忘れず『ゲーム・オブ・スローンズ』のシーズン8を持ってきてくれました。
ありがとう、ありがとう。

で、最終シーズンは1話が70分以上あるという、もはや映画になっていてびっくり。
だもんだから、1日に2話ずつ観るという私の構想は実現せず、1日1話ずつ見ておりました。

それにしてもドラマは1話完結型が専門の私が、このドラマを観続けられたのは、主要キャラからわき役に至るまで、キャラクターの描き方が丁寧だったことにつきます。
人物の感情や行動、物語を通しての成長の仕方が、とても自然で腑に落ちることばかりで、相当入り込んで観てしまいました。
原作は未読なので比べようがないんですが、嘘くさい奴がいないんですよ。物語のためだけに、取って付けたような人物がいない。

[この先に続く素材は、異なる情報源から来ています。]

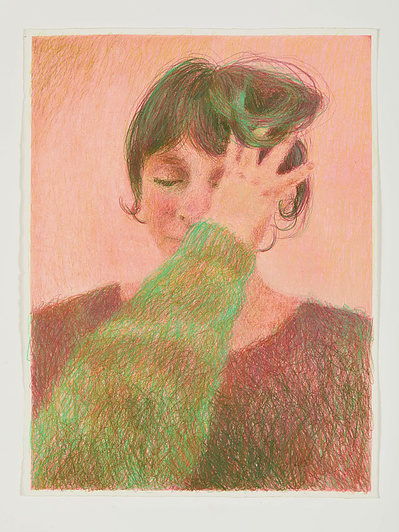 A drawing using colour pencils of a childs hand reaching from out of frame playing with the hair of its mother. The mother has her eyes closed. The drawing is in pinks, browns and greens against a pink wash background.
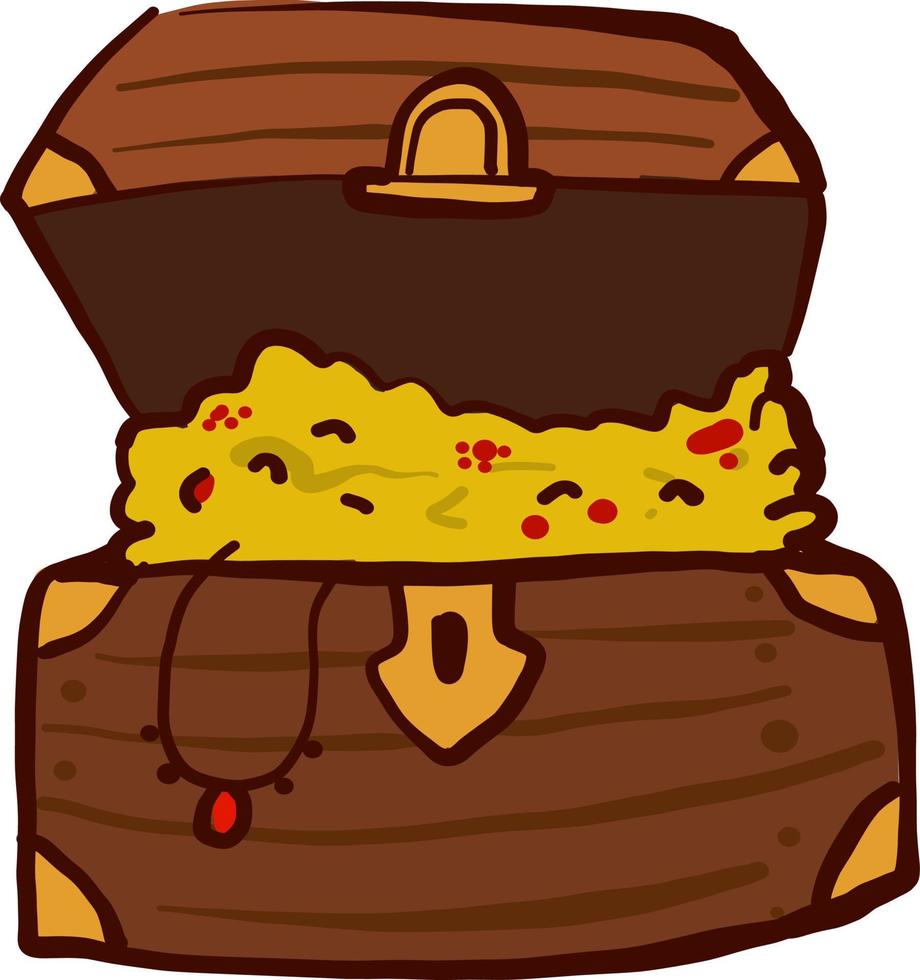 Open chest with gold , illustration, vector on white background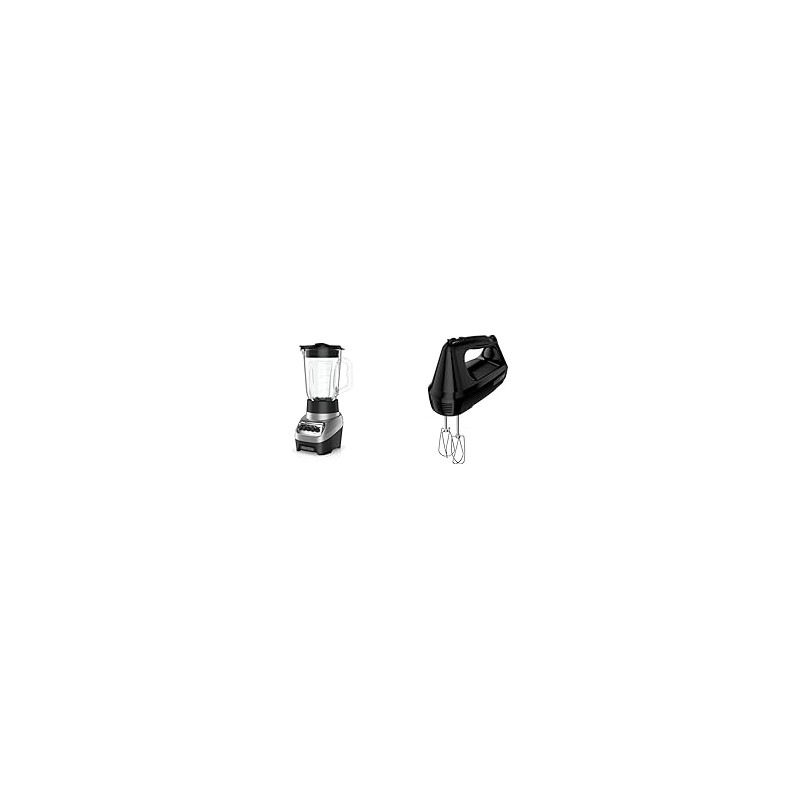 Licuadora multifunción PowerCrush BLACK + DECKER con frasco de vidrio de 6 tazas, configuración de 4 velocidades, mezclador de m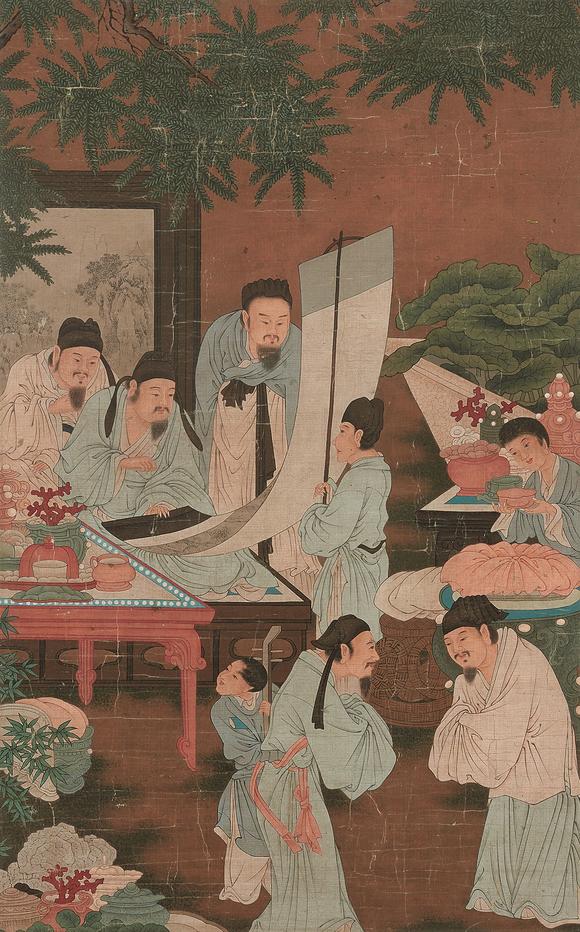 佚名文会图立轴设色绢本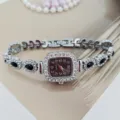 Damen Quarzuhr Silber Quadrat Strass Armbanduhr elegante Mode Armbanduhr fuer Damen - Silber Schwarz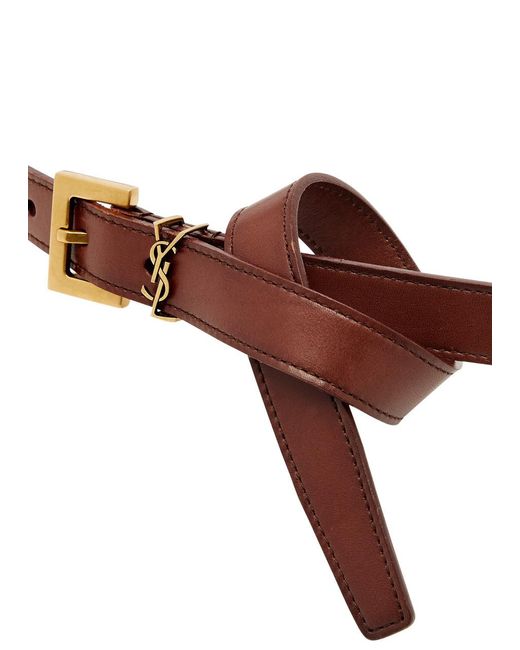 Saint Laurent Brown Logo Leather Belt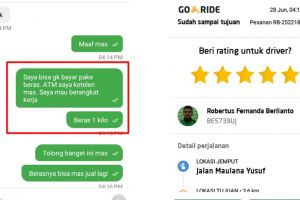 Anak kos ini bayar ojek online pakai beras, reaksi driver dipuji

アメリカのドラマって人気がある限り続けていくので、途中で物語やキャラクターが迷走することも多いんですよね。長く続いてると、途中でメインの役者が降板して、展開変えざるを得なくなったりとかもありますし。
そういう不自然なブレが、『ゲーム・オブ・スローンズ』にはなくて。
しかも、バラバラだった登場人物たちが終盤に向けて集まっていき、群像劇だった物語がひとつにまとまっていくところは、見事としか言いようがない。
本当に、素晴らしいドラマだった。

ドラマを観終わってつくづく思います。ほんのひと時の出会いであっても、その縁はどこかに通じていて、何かに影響を与えているのだなと
ドラマですから、そこは濃い目に描かれてますが、実世界でも同じですよね。
先日、例えば同じ電車に乗り合わせた人々は、ごく薄ーーーーくではあっても、何かしら共通するものがある、という話を聞きました。
袖すり合うも他生の縁とか、言いますが、そんなところにも通じるかな。
そう思うと、今日一日の出会いというのは、決しておろそかにはできないんですね。

と言ってる私は、昨日は家から一歩も出ずに、2度目のシーズン8を見ていました。
口だけです、ごめんなさい。

 そこまでして見ていても、登場人物が多すぎて、時間がたつと色々忘れてしまいそうな気がするので、自分の備忘録がわりに、登場人物について「前世が戦士」とほざく私的に考察したことを書いておきます。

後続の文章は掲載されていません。